You're the Worst's Extreme Haunted House
In a Halloween-themed episode already bubbling over with inappropriate funnies (Paul dressed as Stephen Hawking!) as well as unresolved relationship tensions (Jimmy determined to “fix” Gretchen’s depression after all), “You’re the Worst” hits a season high once it plunges our anti-heroes into an extreme haunted house that functions as a live-action mash-up of the most gruesome horror movies ever made.  Filmed with just enough quick cuts and a pounding metal soundtrack to make the nonstop parade of horrors at once transfixing and weirdly hilarious, it’s the kind of thing you think had to be made up until you discover it’s a real thing.  
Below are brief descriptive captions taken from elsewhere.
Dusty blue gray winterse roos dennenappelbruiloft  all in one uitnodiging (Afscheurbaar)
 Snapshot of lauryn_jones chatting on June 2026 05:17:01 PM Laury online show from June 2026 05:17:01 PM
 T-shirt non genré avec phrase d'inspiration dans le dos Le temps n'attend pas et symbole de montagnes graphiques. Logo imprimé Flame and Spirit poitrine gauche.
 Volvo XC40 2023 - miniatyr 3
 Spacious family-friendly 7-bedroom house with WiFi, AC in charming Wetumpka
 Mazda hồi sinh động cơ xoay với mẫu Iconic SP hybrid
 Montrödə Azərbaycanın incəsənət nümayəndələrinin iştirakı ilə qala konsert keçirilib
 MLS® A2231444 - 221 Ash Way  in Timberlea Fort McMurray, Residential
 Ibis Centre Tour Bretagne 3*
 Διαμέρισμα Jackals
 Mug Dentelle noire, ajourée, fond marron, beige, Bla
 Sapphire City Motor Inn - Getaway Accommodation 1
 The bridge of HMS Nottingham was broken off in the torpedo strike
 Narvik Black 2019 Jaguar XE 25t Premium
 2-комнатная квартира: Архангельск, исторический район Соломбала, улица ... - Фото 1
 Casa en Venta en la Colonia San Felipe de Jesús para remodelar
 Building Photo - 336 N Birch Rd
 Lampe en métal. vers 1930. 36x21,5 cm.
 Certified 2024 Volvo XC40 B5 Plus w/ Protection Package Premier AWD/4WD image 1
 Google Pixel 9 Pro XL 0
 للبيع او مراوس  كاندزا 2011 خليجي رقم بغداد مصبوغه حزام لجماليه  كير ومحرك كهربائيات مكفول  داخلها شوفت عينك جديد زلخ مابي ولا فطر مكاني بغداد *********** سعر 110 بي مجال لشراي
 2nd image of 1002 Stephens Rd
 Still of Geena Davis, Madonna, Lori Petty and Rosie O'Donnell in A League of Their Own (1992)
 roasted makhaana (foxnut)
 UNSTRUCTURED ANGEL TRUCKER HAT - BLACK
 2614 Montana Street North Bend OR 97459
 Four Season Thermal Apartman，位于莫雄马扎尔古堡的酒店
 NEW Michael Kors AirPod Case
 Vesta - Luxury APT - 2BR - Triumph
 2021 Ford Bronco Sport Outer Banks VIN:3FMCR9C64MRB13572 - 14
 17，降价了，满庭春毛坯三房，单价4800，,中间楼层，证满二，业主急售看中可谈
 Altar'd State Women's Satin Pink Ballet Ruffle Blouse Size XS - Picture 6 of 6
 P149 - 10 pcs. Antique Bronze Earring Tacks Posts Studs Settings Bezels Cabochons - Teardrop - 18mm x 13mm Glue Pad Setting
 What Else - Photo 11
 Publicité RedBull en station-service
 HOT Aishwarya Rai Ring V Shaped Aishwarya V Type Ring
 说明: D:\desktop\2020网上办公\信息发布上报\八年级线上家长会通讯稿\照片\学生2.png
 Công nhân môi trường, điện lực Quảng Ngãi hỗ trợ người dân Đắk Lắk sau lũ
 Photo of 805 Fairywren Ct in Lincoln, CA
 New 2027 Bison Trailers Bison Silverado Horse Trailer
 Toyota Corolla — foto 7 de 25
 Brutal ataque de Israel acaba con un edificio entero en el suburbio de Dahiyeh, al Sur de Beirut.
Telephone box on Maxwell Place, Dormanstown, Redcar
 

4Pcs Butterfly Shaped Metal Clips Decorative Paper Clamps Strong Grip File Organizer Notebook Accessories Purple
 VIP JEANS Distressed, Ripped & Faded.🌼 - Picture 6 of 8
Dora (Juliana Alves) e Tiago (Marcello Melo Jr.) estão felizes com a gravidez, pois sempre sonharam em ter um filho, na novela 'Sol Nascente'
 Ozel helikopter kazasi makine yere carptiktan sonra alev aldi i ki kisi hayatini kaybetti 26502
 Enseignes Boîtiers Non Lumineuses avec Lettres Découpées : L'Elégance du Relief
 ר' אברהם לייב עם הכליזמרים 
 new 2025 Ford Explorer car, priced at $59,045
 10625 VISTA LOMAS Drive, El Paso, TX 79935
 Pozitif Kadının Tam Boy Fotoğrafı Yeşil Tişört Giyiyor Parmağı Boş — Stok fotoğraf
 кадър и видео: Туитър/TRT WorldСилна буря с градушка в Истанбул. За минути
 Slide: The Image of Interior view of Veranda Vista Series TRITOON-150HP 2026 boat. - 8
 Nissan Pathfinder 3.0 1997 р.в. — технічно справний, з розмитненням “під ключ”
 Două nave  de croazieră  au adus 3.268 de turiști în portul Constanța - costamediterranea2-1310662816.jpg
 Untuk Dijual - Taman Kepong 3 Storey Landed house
Somehow, the ordeal forces at least two of our four mains to confront their real demons and take the first step to getting past them, while underscoring how stubbornly the other two refuse to face theirs.  Contrived?  Yes, yet it works beautifully.  Bonus TFE points for the callout to “Silence of the Lambs,” with a Buffalo Bill figure turning into Lindsey’s best life counselor, and the bawdy in-joke about TV, uh, getting the best of movies. - Lynn Lee

Please Like Me's 'Coming Out' Rehearsal
Is anyone watching Please Like Me? I know that it airs on Pivot, a network so deep in the cable line-up you probably don't even know it exists, but please, I beg you, find it. Please Like Me, created by and starring Australian comic Josh Thomas is one of the best shows on TV. Last week, in order to help his anxiety-ridden boyfriend Arnold prepare to come out out to his father (who made him quit school choir lest he seem too queer) Josh makes his own father (currently in need of perking up) role play as Arnold's Dad. But Josh deems their perfunctory improvisation not good enough, and steps into the role of director, telling Arnold to sing to his Dad. And Arnold sings a rendition of Sia's "Chandelier" so simple and sweet and hopeful that for one bright, shining moment, everyone's world stops as Josh's Dad accepts Arnold the way we all hope his actual father - or any father, for that matter - would. If only Arnold's real coming out would go so smoothly. - Dancin' Dan

 

The Knick's André Holland
Dr. Algernon Edwards, the African American "acting chief surgeon" at the Knickerbocker felt more like a lightning rod concept / conflict generator in Steve Sodebergh's turn of the century hospital drama. They piled everything on to that character. This season, by giving him less, Holland is somehow giving more or at least he's doing it more sympathetically. Like many dramas about difficult brilliant people the show errs continually on the side of 'the protagonist(s) is always right!' but Algernon's dangerous retinal problem and illicit affair with a wealthy socialite woman and the hiding of / confusion around both have humanized him in a way that Dr Thackery's addictions haven't humanized him. Clive Owen's brilliant junkie doctor is increasingly wearing out his welcome in a show built around him so it's good to have such a strong understudy in the wings. - Nathaniel R

P.S. I almost gave this to composer Cliff Martines but I still haven't worked out if his relentlessly modern / electronic underscore is an instantly dating catastrophe or a brilliant anachronistic perversion. I'd love a second pair of ears if you got 'em.